What You Need To Know:
LOVE & SEX is a provocative title with an inconsequential story. Many of the scenes are familiar, and Janssen’s performance is overdone. Favreau is excellent in his portrayal of Adam, but, despite humorous moments, the lack of substance and degradation of love is more depressing than uplifting. Surprisingly, the language was excessive, with the use of the "f" word. Other elements, including sexual content and a flawed pagan worldview, put this story in the same category as other movies of its kind, where lust comes before, and even in place of, love.
(PaPa, Ro, B, LLL, V, SSS, NN, A, M) Mostly pagan worldview of main character’s search for a good relationship & sensual pleasure with some idealism & moral elements including woman deciding to keep child rather than abort; 49 obscenities, 17 mostly mild profanities & many sexual & lewd references; some disturbing paintings with camera focusing on one, crying depicted over physical trauma but nothing shown & woman kicking man’s car while screaming at him, with man doing the same to her & her car; many crude references to oral sex, implied oral sex under sheet, girl & French teacher shown in bed together with depicted girl losing virginity under sheet, depicted fornication in bathroom behind door, man puts hand on woman’s clothed breast, main character states, “sex is the best way to erase the past,” couples engaged in heavy kissing & touching, depicted store with many sexual toys pictured with man giving explanation of men’s sexual toy & stripping; man shown wearing sheet around waist after implied adultery, outline of side of girl’s breast seen & girl in slip; alcohol use; and, flatulence & jealousy.
Famke Janssen of this summer’s X-MEN stars as Kate Welles in LOVE & SEX, a story built around Kate’s journalism assignment to write about romantic relationships. The assignment spurs her reflection on her own past.

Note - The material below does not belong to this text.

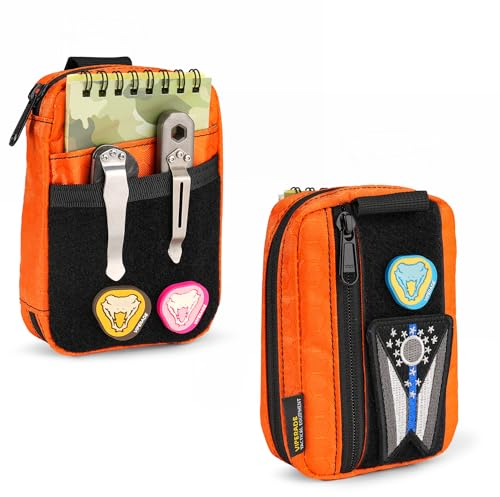 VIPERADE VE26 Small EDC Pouch Pocket Organiser, Multifunction Small Tools Pouch with 8 Pockets, EDC Multitools Organiser for Men, Mini Waist Bag with Patches Area -Orange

Kate is almost fired from her job as a writer, but, after pleading with her editor, she is assigned the task of writing on relationships – not one of Kate’s strong points. She soon begins dictating her views on the subject, reflecting on her past. She tells how she met her on again, off again romantic partner Adam, played by Jon Favreau of THE REPLACEMENTS, after he humiliated her date at an art show. She then reflects further back into her past, to the time she lost her virginity to her high school French teacher. Kate then moves on to an affair with, unknowingly on her part, a married man. She meets them both unexpectedly, then ends that affair.
Adam is the first real relationship involving a modicum of commitment, and the two move in together. One day, Kate comes home to find Adam has given her some kittens. Kate is pleased, but then breaks the news to Adam that she is pregnant. She is upset about the responsibility involved, and he asks about abortion, but then tells her that he will be very committed and is excited about having the child. The events that follow prove his words are true, but the two begin to grow apart.

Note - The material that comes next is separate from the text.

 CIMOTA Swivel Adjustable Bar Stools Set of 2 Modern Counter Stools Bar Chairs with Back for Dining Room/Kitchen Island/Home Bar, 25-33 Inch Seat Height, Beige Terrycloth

Adam and Kate break up, and, though they are fairly honest with each other, they try to make the other feel jealous. When Kate finally does get involved in a more serious relationship, however, Adam tells her that he wants to be back together with her. Eventually, Kate’s reflection ends on a somewhat positive note, despite her lack of ability concerning relationships.

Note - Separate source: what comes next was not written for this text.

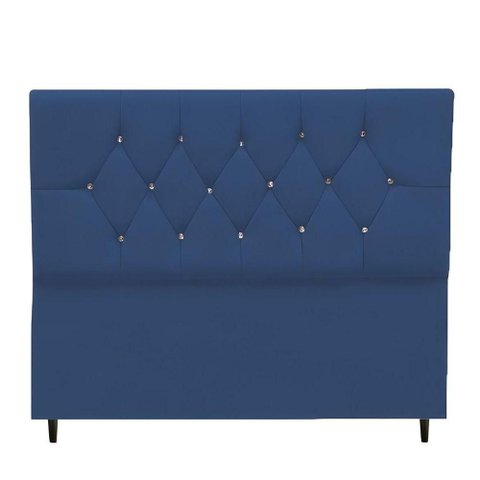 Cabeceira Cama Box Estofada Casal 140 Cm Geovana Suede Azul Marinho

LOVE & SEX is a provocative title with a shallow story. Many of the scenes are familiar and Janssen’s performance, albeit sincere, is overdone. Favreau is excellent in his portrayal of Adam, but, despite the humorous bits in the story, the lack of substance and degradation of love is more depressing than uplifting. Surprisingly, the language was excessive, with the “f” word counting for most of the obscenities. Other elements, including sexual content and a flawed pagan worldview, put this “romantic” story in the same category as other movies of its kind, where lust comes before, and even in place of, love. Also, Kate doesn’t really learn anything really positive, in a biblical way, about relationships by looking back on her life, although she does find some personal stability and happiness.